Morte dans l'obscurité en décembre dernier à l'âge de 101 ans, Frances Gabe vient d'être commémorée dans le New York Times pour son invention unique: la maison auto-nettoyante. En effet, Gabe avait passé plus de dix ans à construire un bungalow en béton qui fonctionnait comme une sorte de «lave-vaisselle géant», ainsi que l'a écrit un journal australien.
Dans chaque pièce, Gabe avait installé un système d'arrosage, avec des jets au plafond qui diffusaient de l'eau savonneuse un peu partout. Un deuxième arrosage permettait de rincer, et de l'air chaud était ensuite diffusé pour sécher le tout. Le cycle prenait environ une heure. Gabe, qui faisait des bijoux et des sculptures, avait fait breveter la maison en 1984.
Le sol de la maison était très légèrement incliné et l'eau s'écoulait ainsi vers l'extérieur.

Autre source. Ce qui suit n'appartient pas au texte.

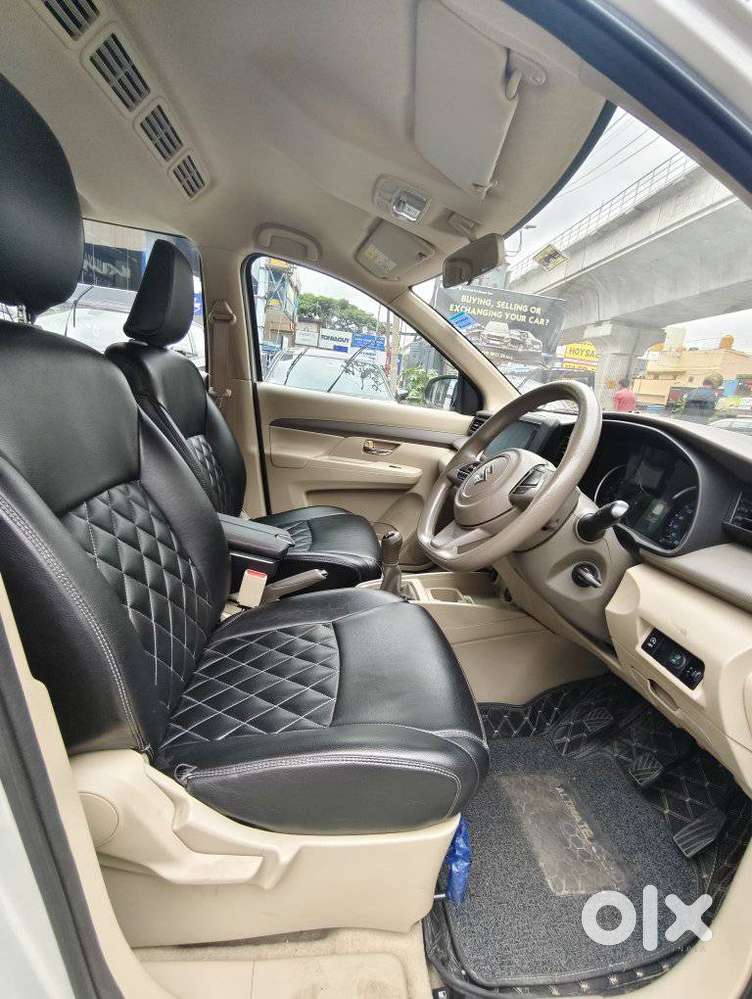 Maruti Suzuki Ertiga 1.5 Vxi, 2022, Petrol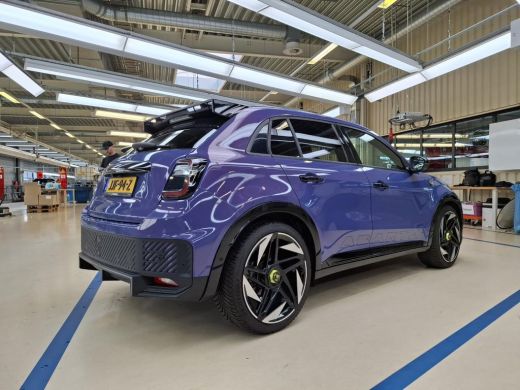 Abarth 600e Scorpionissima 54 kWh 280pk Tot 8 Jaar Garantie! | Torson Sperdifferentieel | Sabelt Stoelen | St... ActivLease financial lease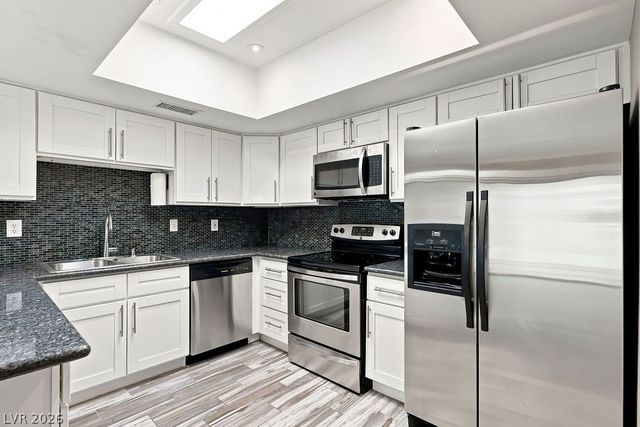 3768 Pilgrim Street, Las Vegas, NV 89121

Sa machine à laver le linge était une sorte de placard où les vêtements, placés sur des cintres, étaient lavés avec des jets d'eau puis séchés.
Un des problèmes majeurs de l'invention de Frances Gabe, non loin de Portland dans l'Oregon, était que tout à l'intérieur devait être imperméable. Le sol était recouvert d'un vernis étanche et les meubles d'une résine acrylique. Tous les tissus et papiers étaient placés dans des boîtes plastiques, et les prises électriques étaient protégées.

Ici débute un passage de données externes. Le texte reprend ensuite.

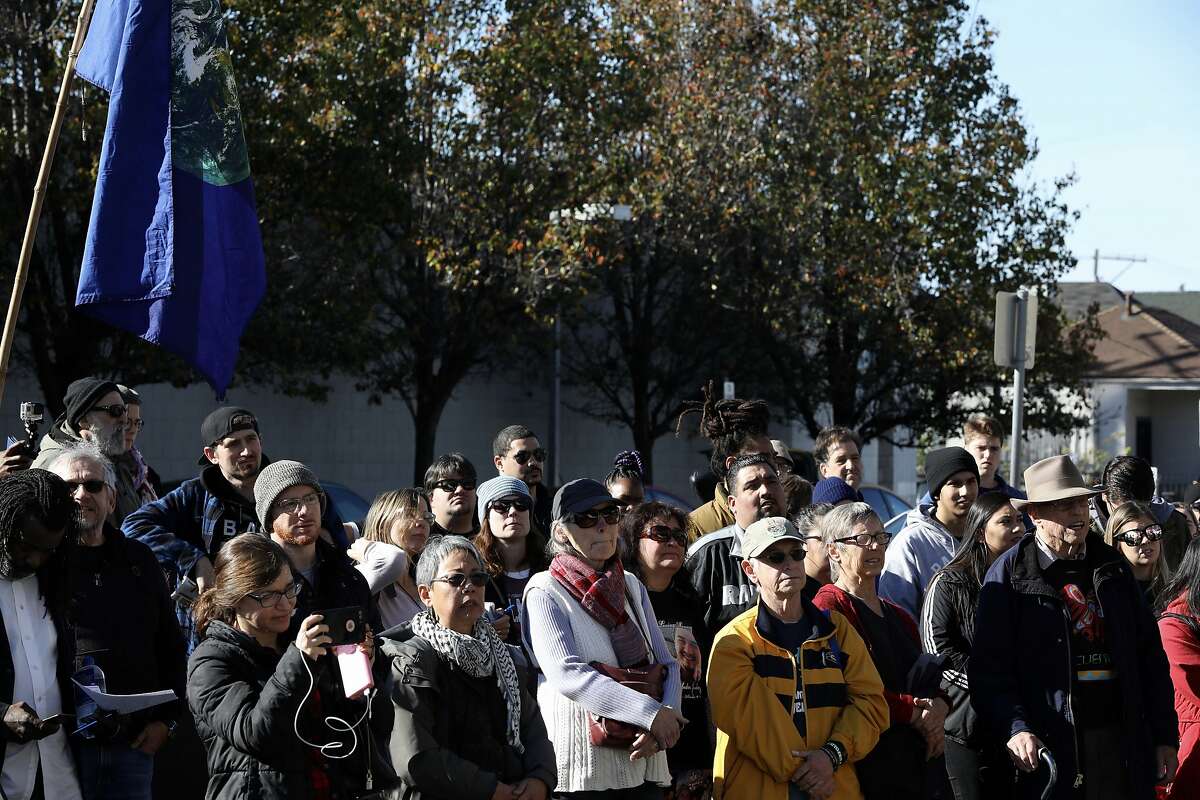 Oscar Grant vigil at Fruitvale Station marks BART shooting victim’s legacy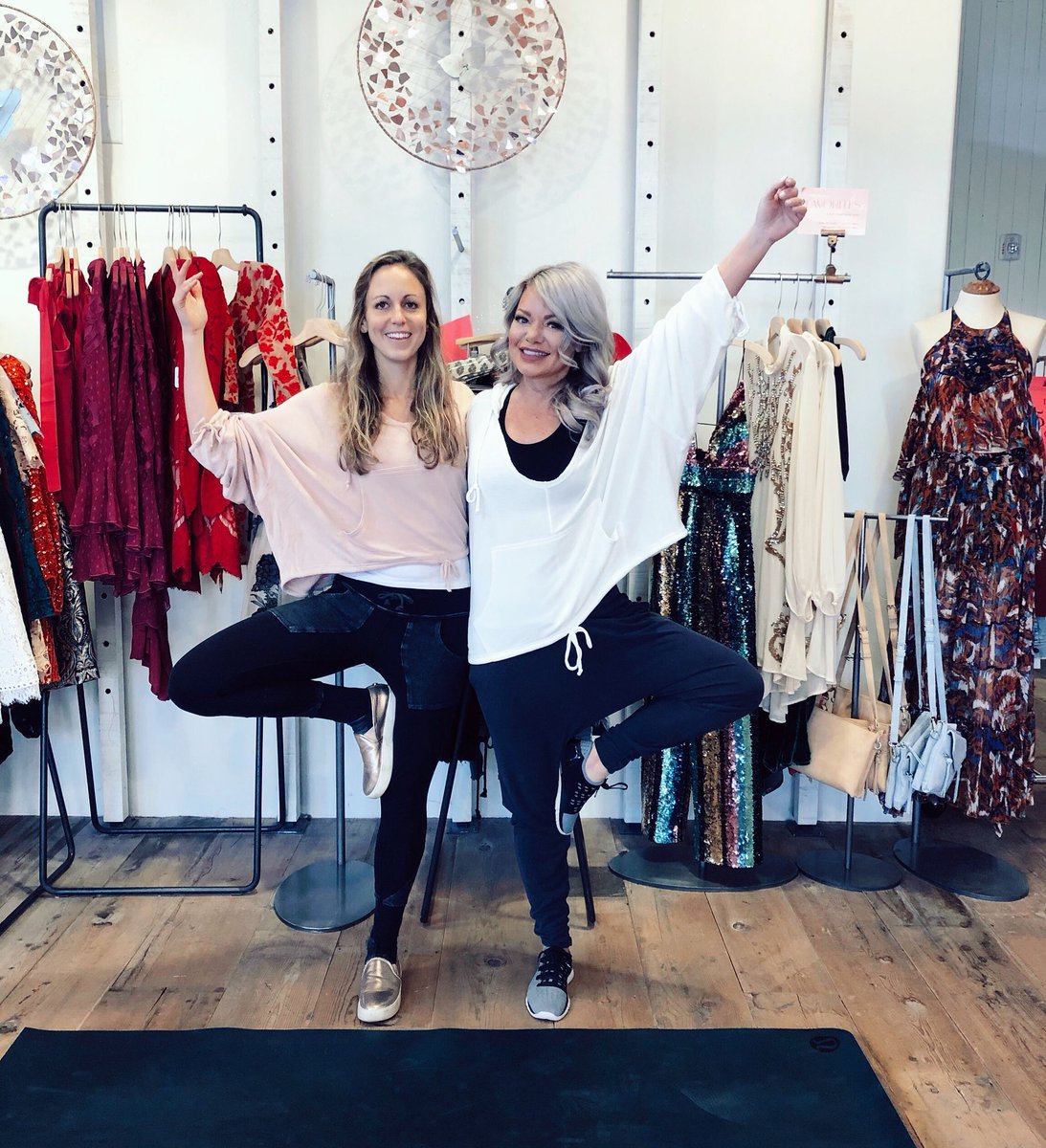 CLTFashionPlate's tweet photo. Letβs Move #event @FreePeople @SouthEndCLT @AthertonMillMkt #yoga #meditation #shopping #stylist #collaboration #support #local #style #beauty #food #sunday #fpgirls #workout #bossbabe #Entrepreneur @MagnoliaEmporia #balance #energy #outfits https://t.co/cBJdQASSmT
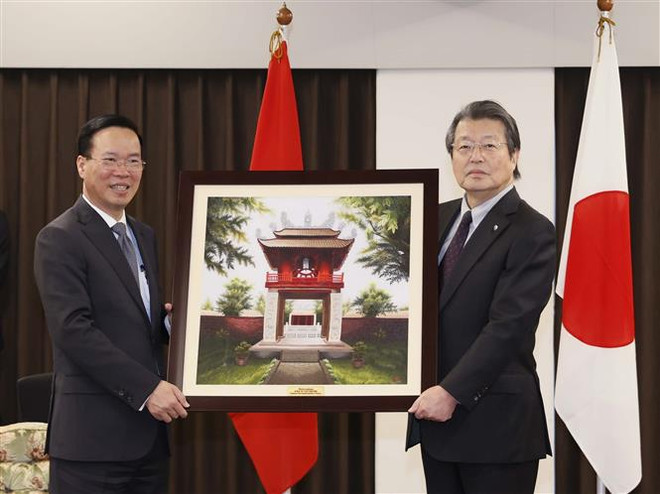 Presidente vietnamita visita la Universidad de Kyushu ảnh 2 Presidente vietnamita visita la Universidad de Kyushu ảnh 2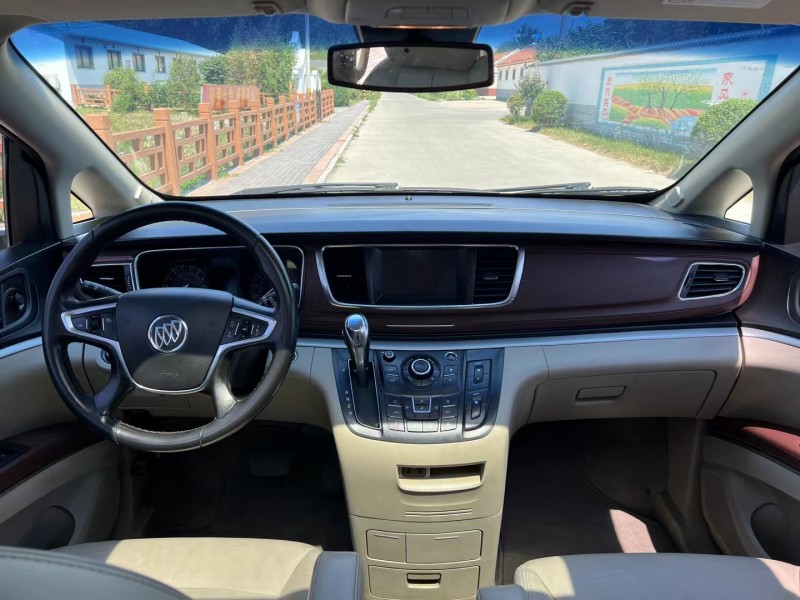 青岛19年别克GL88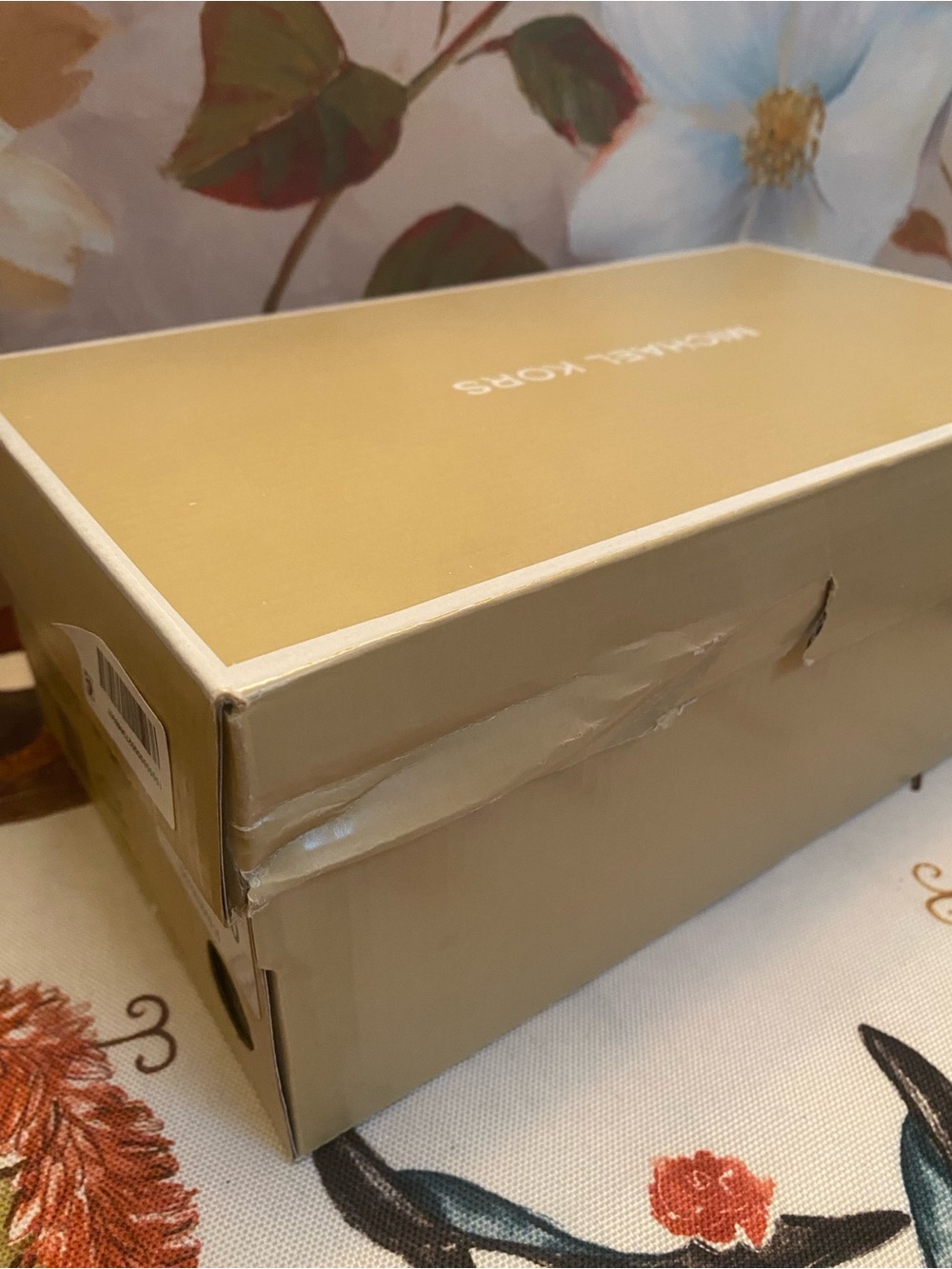 Michael Kors Gold T-Strap Leather “Jilly Flat” Sandals, Sz. 6m, New in Box - Picture 11 of 11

Pour Frances Gabe, qui était fille d'architecte, son projet était une sorte de mission féministe.
«Vous pouvez parler de libération des femmes autant que vous voulez, mais les maisons restent construites de sorte que les femmes passent la moitié de leur temps à genoux», avait-elle expliqué au Baltimore Sun.
Puis au Ottawa Citizen:
«Les tâches ménagères sont un boulot ingrat et sans fin. C'est d'un ennui épuisant. Qui veut le faire? Personne!»

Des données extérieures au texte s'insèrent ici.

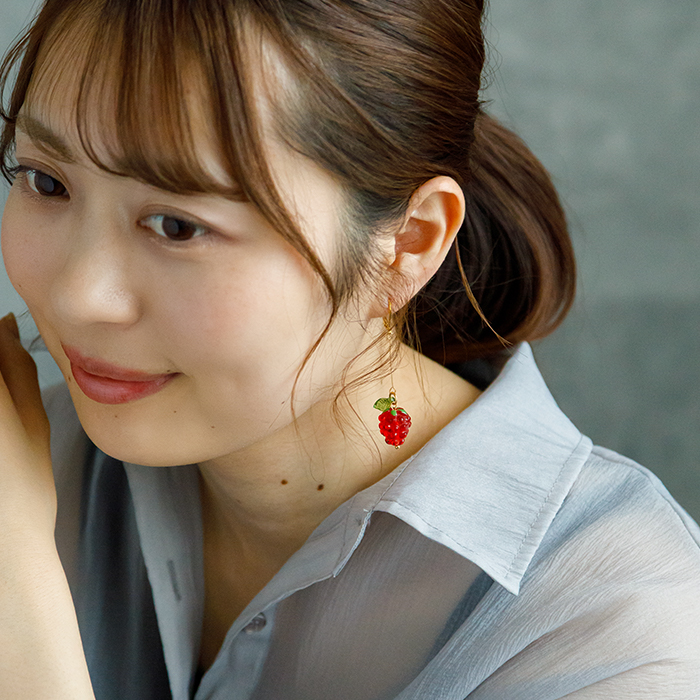 ゆらゆら揺れるかわいいワイルドストロベリー 野いちご フックピアス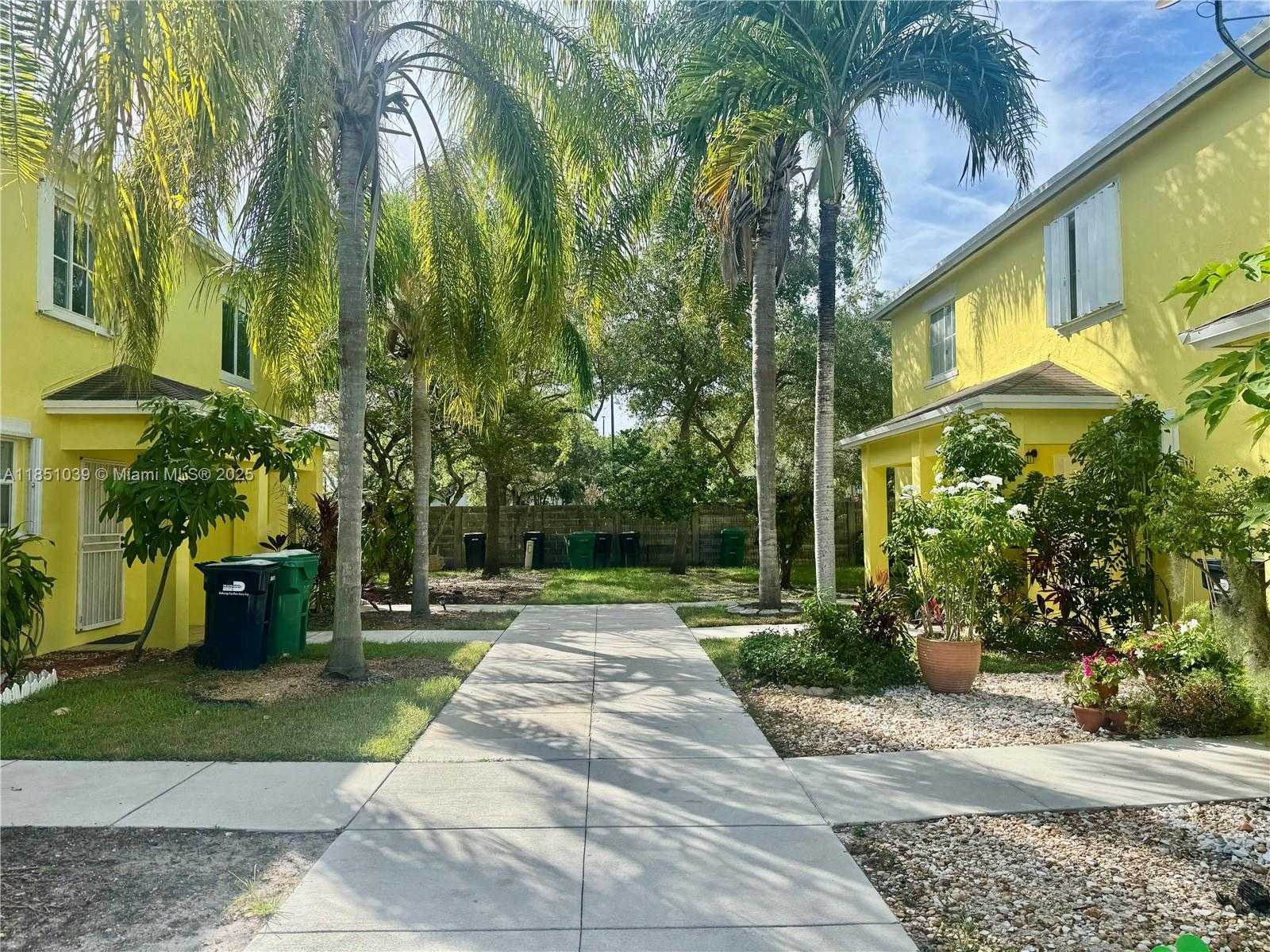 Small Image of 19550 SOUTH WEST 103RD CT #5, Cutler Bay Number 5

Après son divorce, elle s'est créée un nouveau nom de famille –Gabe– en mélangeant les initiales de son nom de jeune fille, son deuxième prénom et le nom de son ex-mari.
C'est lorsque ses enfants en bas âge avaient commencé à jeter de la confiture un peu partout que Gabe s'est mise à réfléchir à la maison auto-nettoyante. Pendant des années, elle a présenté son travail à travers les États-Unis, dans les musées, universités et clubs pour femmes, mais son rêve de villages entiers de maisons auto-nettoyantes n'a jamais vu le jour.